Sunday, December 7, 2014

A DISTURBANCE IN THE AIR by MICHELLE POULOS

BILL SCALIA Reviews

A Disturbance in the Air by Michelle Poulos
(Slapering Hol Press / The Hudson Valley Writers Center, Sleepy Hollow, N.Y., 2012)

The sixteen poems in Poulos’ chapbook take the reader from New Orleans (twice), to Greece, to unnamed but certainly exotic lands, as well as to a high school football game and to “an ordinary house with emerald trim.”  The unifying theme to the work might be thought of as a search for empathetic authenticity; the poet exhibits a marvelous sensitivity to the conditions of others, most notably on the fringes of “conventional” society, and describes her relation to them, often in terms of satisfying a desire.  Desire is a powerful, driving force that seeks a target, one that desire itself doesn’t always define clearly. Poulos’ chief accomplishment in this work is how she redefines, in each poem, not the meaning of desire, but desire’s scope, power to distort reason (though reason and desire are not necessarily oppositional), empathy, joy, and pain – in short, a kind of ontology of desire’s effects on a person in search of what Levinas terms “the Other.”
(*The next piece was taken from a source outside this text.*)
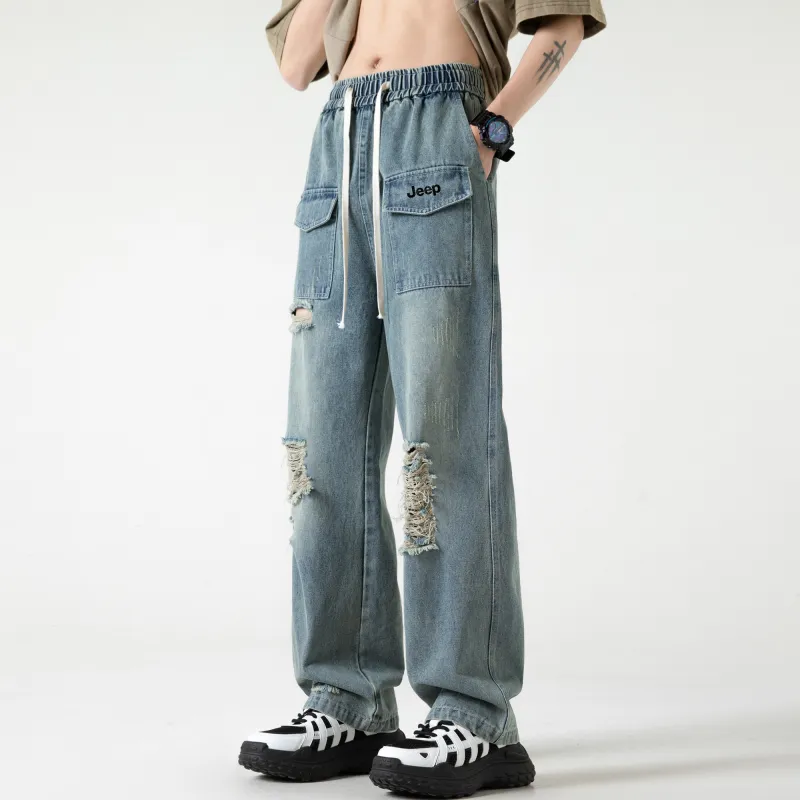 Jeep Jeans Unisex-8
The poems work best when those feelings of desire are evoked through Populos’ wonderfully detailed eye for the ephemera of experience; that is to say, not the most obvious fact of an observation, but the shading that brings that brings the fact into the foreground, a little like hearing the echo of a sound without hearing the sound.  For example, in the wonderful poem “Sirocco,” the simple declaratives “Every injury’s a black fruit that turns, like devotion, to the sea,” a keen vineyard observation and also a felix culpa  assertion of fact; or “Even here  / love tenses against disappointment,” in which the word tenses (a tense itself of a tense that is, in a sense, tense-less) captures in the creation of a verb an inexpressible relation; or in “The Angel of Broken Instruments,” “We are always more than we believe,” which the poet leaves us to read as either assertion or negation; the line itself by necessity invokes the participation of the reader. 

But, I find myself wanting more of poems like “Herzog Screened at the Rave”: “Nothing better than dropping two tabs of acid / painted with the purple face of Jesus . . .”  The tension in these two images of seeking fulfillment, expressed in the language of sacramentality – LSD as communion at the church of the rave – is in keeping with one of the book’s larger themes (the search for authentic experience as an answer to desire), but in the poem, these two approaches (chemical, hyper-physical vs spiritual meditative) don’t develop (I am sure I am at fault here because I so wanted to see this happen, that I had this expectation of the early promise of the poem).  In the best poem of the book, the closing poem “The White Rabbit,” Poulos gives us this line, referring to the rabbit: “It sits so terribly still.”  The adverb terribly is the perfect choice, the only choice for that line, considering the connotations of the term (causing terror; to an extreme degree).  But, in the next verse, “the possibility presents itself / that the animal is stuffed” seems pitch-poor and over-written.  The passive voice is not necessary (the rabbit in the awareness of the speaker is already assured), and given Poulos’ word skills, “the animal is stuffed” begs for a sharper image.  But these are comparatively minor concerns, as they occur infrequently.  Poulos sets a high bar of expectation in the extraordinary opening poem “The Angel of Broken Instruments”: “I was banished to the basement, / where for hours I’d spin myself / on a stool with clawed feet clutching / three amber glass spheres, the harp tinkling / each time a moth grazed its strings,” such that I am impelled to seek more (the moth reappears in the book, as a plane, “the thin black cross under each wing shrouding her / like night’s ragged shawl” in “When the Wind Falls,” and the scissors, “metal blades hiss over his head” in “Assimilations of 1918, with Scissors”). 

In the end, though, Poulos achieves reconciliation.  The Angel of the opening poem, self-manufactured from pieces of discarded musical instruments (we might say a postmodern “muse”), finds an authentic, empathetic act in the book’s last poem, in which the speaker encounters a frightened white rabbit, and concludes, “Let me take you back through the fields, / you who never turned from me, / who held violets in your mouth.”  Even if we discount the fertility imagery (and the spiritual component), it is clear that Poulos is both the poet and the rabbit, unified at the end in an act of empathetic liberation.

*****

Bill Scalia holds a PhD in American Literature from Louisiana State University.  His most recent essays include “Toward a Semiotics of Poetry and Film: Meaning-Making and Extra-Linguistic Signification” (in Literature / Film Quarterly) and “Bergman’s Trilogy of Faith and Persona: Faith and Visual Narrative” in the anthology Faith and Spirituality in Masters of World Cinema (Cambridge Scholars Press, 2008).  Bill teaches writing and literature at St Mary’s Seminary and University in Baltimore, MD.